This is likely a trade-off between whole-system performance and single-thread/single-process performance. To avoid evicting higher-level, shared cashes, it is usually beneficial to switch from REP MOVSB to non-temporal stores at a certain point even though it impacts single-thread performance.
> To avoid evicting higher-level, shared cashes, it is usually beneficial to switch from REP MOVSB to non-temporal stores at a certain point even though it impacts single-thread performance. From what I can tell, REP MOVSB on Zen 4 already does this for large copies. I base that off using AMD uProf to read the DRAM bandwidth counters while running the copy benchmark. When copying 1GB with a single REP MOVSB, the read and write counters match the rate of data transfer (no read-for-ownership overhead). When breaking the copy into smaller pieces (less than 32MB), the read counter is roughly double the transfer rate due to read-for-ownership. I've tried running the benchmark on all 32 cores of the CPU; in this case glibc's memcpy is about 5% faster than using REP MOVSB (and my simple AVX512 streaming copy with a linear access pattern gets pretty much the same performance as REP MOVSB in this case). So you're correct that there is a trade-off, but being 5% faster when bandwidth-limited but 30% slower on a single core (as well as using more space in icache) doesn't seem like a great tradeoff (I appreciate that trying to write a memcpy that works well across a wide range of hardware is no easy task though).

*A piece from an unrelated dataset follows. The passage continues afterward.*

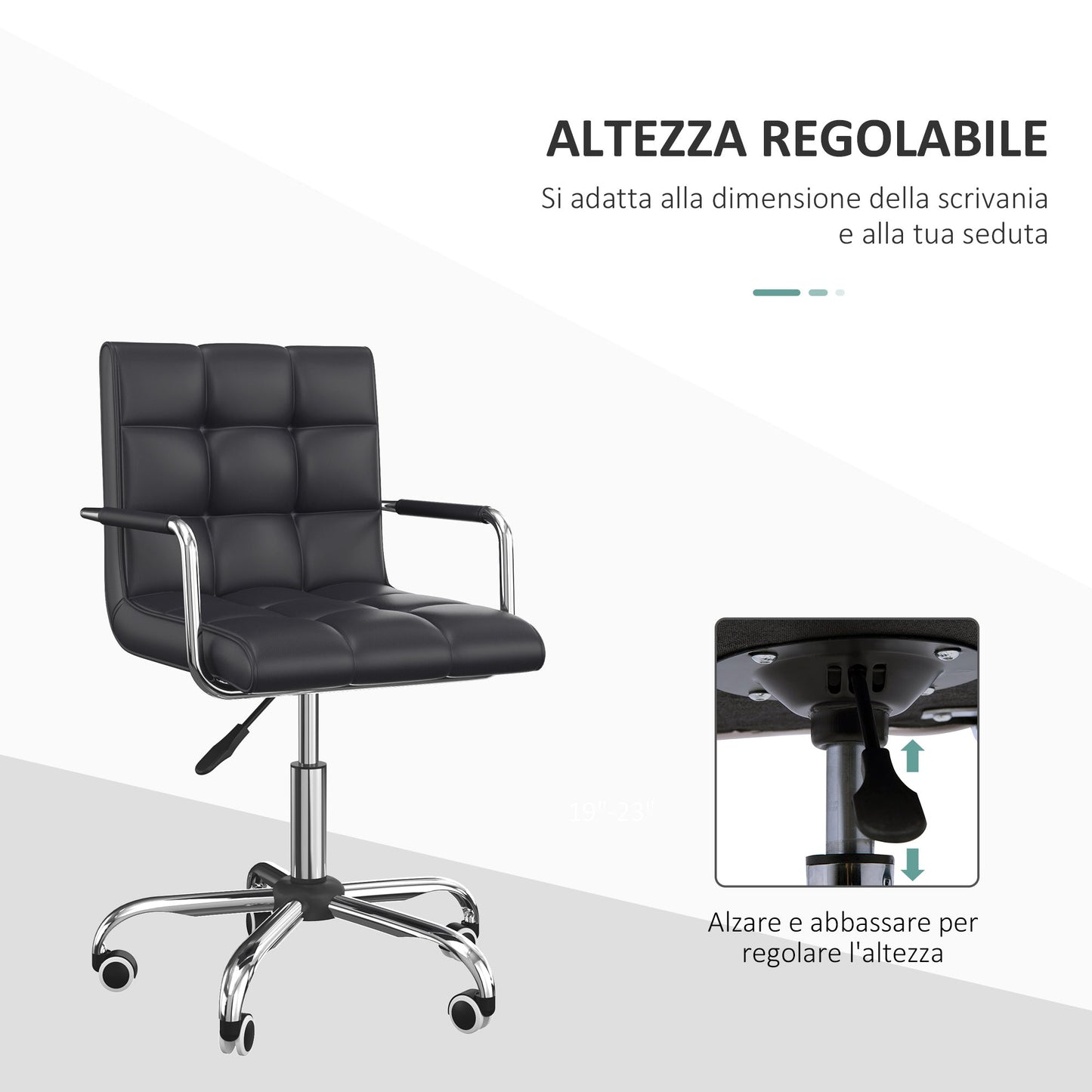 Ergonomic Office Chair in Black PU Leather, Study Chair with 5 Swivel Wheels, Padding and Adjustable Height, 52.5x54x84-99cm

On Zen3 I can confirm that REP MOSVB is not faster than the vectorized path, but with an unaligned destination the results are also subpar: # Default non-temporal stores $ ./memcpy_loop -f memcpy -D 1 4.19552 # GLIBC_TUNABLES=glibc.cpu.x86_non_temporal_threshold=134217730 $ ./memcpy_loop -f memcpy -D 1 11.7379 # Modified glibc with tunables to force REP MOVSB $ ./memcpy_loop -f memcpy -D 1 1.01945 With aligned stores I see ~20 GB on Zen3. I am even more convinced that REP MOVSB is not really a good strategy for Zen3. I still think it would be better to avoid non-temporal stores for unaligned inputs on Zen3. Another possibility would avoid unaligned stores, but it would require adding another code path that might not be optimal for all x86 cpus.
As a side-note, the benchmark you are referring does not have some of the options you are using (-r, memcpy_rep_movsb).
> As a side-note, the benchmark you are referring does not have some of the options you are using (-r, memcpy_rep_movsb). Oh, I linked to a fixed commit and those features have since been added to main: https://github.com/ska-sa/katgpucbf/blob/main/scratch/memcpy_loop.cpp
> I still think it would be better to avoid non-temporal stores for unaligned inputs on Zen3. As noted in comment 2, non-temporal stores for large copies have benefits that won't show up in a single-threaded microbenchmark: both less pollution of the shared cache, and 1/3 less DRAM bandwidth (eliminates read-for-ownership).
(In reply to Bruce Merry from comment #7) > > I still think it would be better to avoid non-temporal stores for unaligned inputs on Zen3. > > As noted in comment 2, non-temporal stores for large copies have benefits > that won't show up in a single-threaded microbenchmark: both less pollution > of the shared cache, and 1/3 less DRAM bandwidth (eliminates > read-for-ownership). Indeed, after some tests, it seems that the performance difference when multiple issuers are involved does seem to show the advantage of non-temporal stores even for unaligned arguments.